The KMV Corp., my firm's joint venture partner, has proven models that measure default probabilities for both publicly traded and privately held firms. That for public companies, for example, calculates default probabilities by analyzing stockprice movements. A company's default likelihood equals the amount of downside stock-price volatility that would lower the value of equity to the point where, together with the associated decline in the value of the over-one-year debt, the value of the company's assets, definitionally equal to the value of its liabilities, is no greater than the face amount of its short-term debt.

The default probabilities churned out by this and the other models must then be converted into expected-loss magnitudes by adjusting for likely recovery rates and for the cost of carrying nonperforming loans and the administrative expenses of loan workout.

Overstating Income

Banks should assign a risk charge to each loan that is equal to its expected loss. Whether the bank actually collects this charge is in some senses immaterial. The charge represents a kind of depreciation reserve that should be subtracted from the income derived from the loan. If the bank doesn't subtract it, it is in effect overstating its income.

Hence, if the bank has correctly computed its risk charges, the cumulative total of these charges - that is, those for under-one-year loans and the present value of those for multiyear loans and facilities - should represent the amount of income that is likely to be surrendered in future years because of loan problems. As noted, it doesn't matter where the bank holds this buffer against future losses.

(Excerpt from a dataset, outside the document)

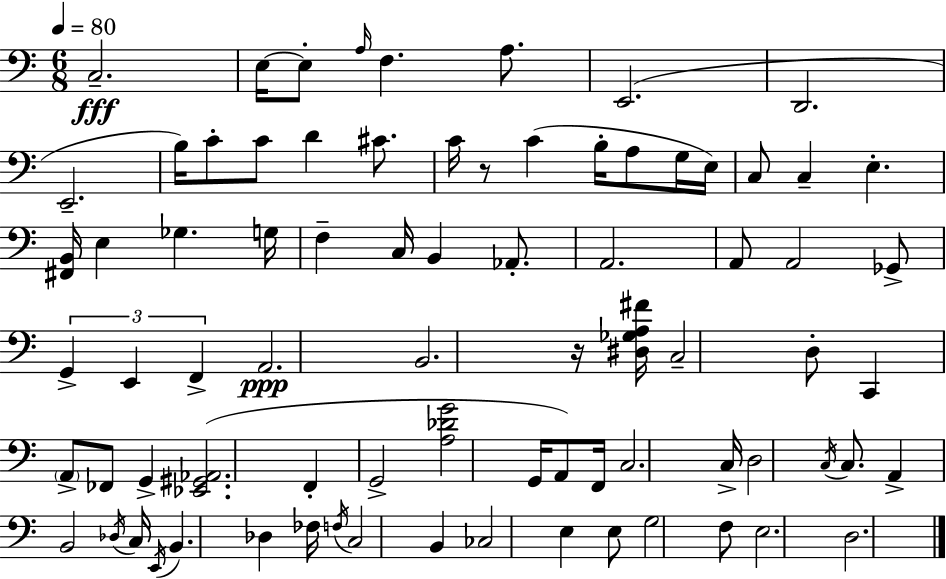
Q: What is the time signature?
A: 6/8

It could, in principle, be lodged in the capital accounts in the form of monies unavailable to shareholders.

In practice, it probably makes a lot of sense to segregate the total of risk charges in a reserve account nourished by annual infusions from the provision, since this would enable the marketplace to form a clearer idea of the bank's basic income potential (equal to income less risk charges). And let us remember that the more unequivocal information the bank provides the marketplace, the lower is investor uncertainty and therefore the higher is the market value of the institution.

Measuring Loss Linkages

Although, in the long run, the total of all risk charges, if correctly computed, should be adequate to cover losses, in the short run, actual losses may diverge quite markedly from expected or average ones. Therefore, the bank must have an additional buffer (capital) to cover deviations from the norm. (In practice, of course, when unexpectedly large losses occur, banks do not invade the capital account directly, but rather indirectly through reduced earnings.)

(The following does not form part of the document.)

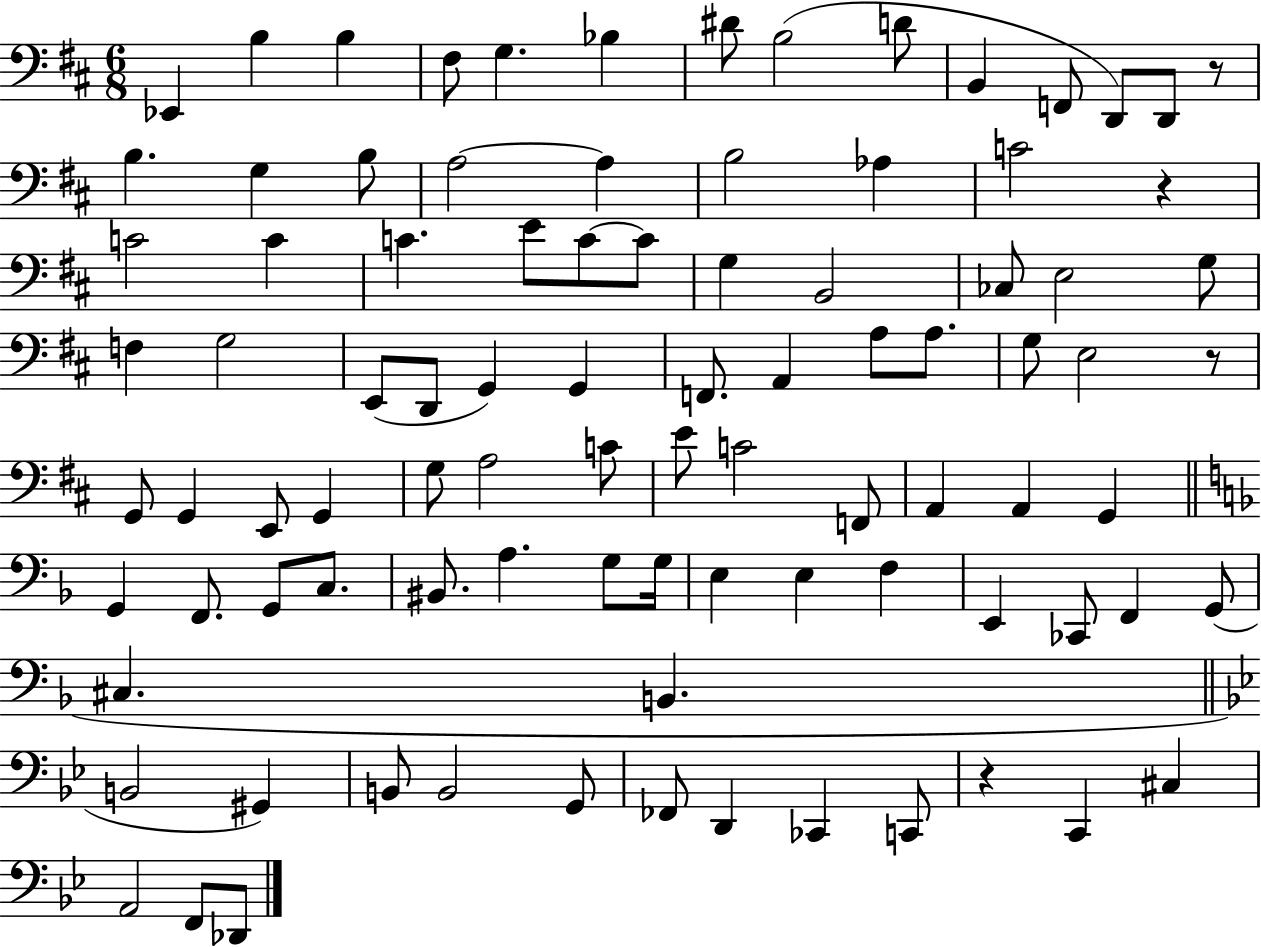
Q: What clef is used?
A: bass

Banks can determine the appropriate size of their secondary capital buffers by knowing, first, their expected losses, and, second, the average coefficient of loan-loss correlation in their portfolios. Such a coefficient, which measures the potential for loss linkages or loss simultaneity, can in turn be calculated from the same models that establish the expected-loss probabilities.

Avoiding Aridity

If, based on this type of calculation, which should of course be updated periodically, the bank has an adequate total buffer against losses, then it is in a position to debate any regulatory demand for buffer supplementation - either in the form of additional reserves or more capital. Indeed, in a rational world, the regulators should be doing the same calculation and, if it yielded this kind of result, should not be bothering the bank.

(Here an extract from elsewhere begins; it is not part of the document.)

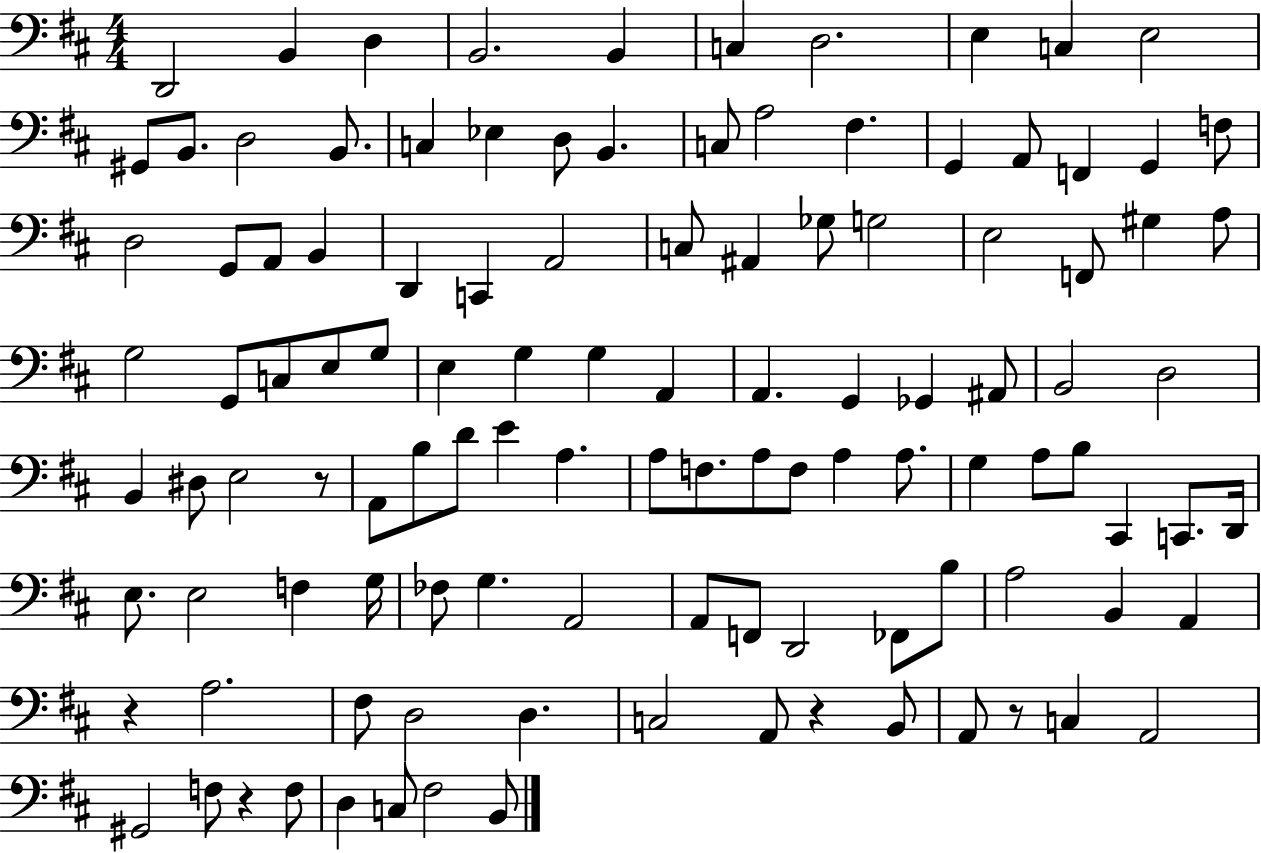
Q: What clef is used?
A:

If the bank's total buffer is insufficient, then it should forgo expansion, sell assets, or pare its dividend payout. Given too large a buffer, the institution should be free to entertain opposite courses of action.

In summary, whether the regulators are unreasonable in their demands for augmented reserves is a proposition that can be tested empirically. However, until both the banks and the regulators make use of a currently available methodology that is not now in common use, the debate between them is likely to remain an arid one.

Mr. Rose, formerly senior columnist for this newspaper, is now associated with Oliver, Wyman & Co., a management consulting firm in New York.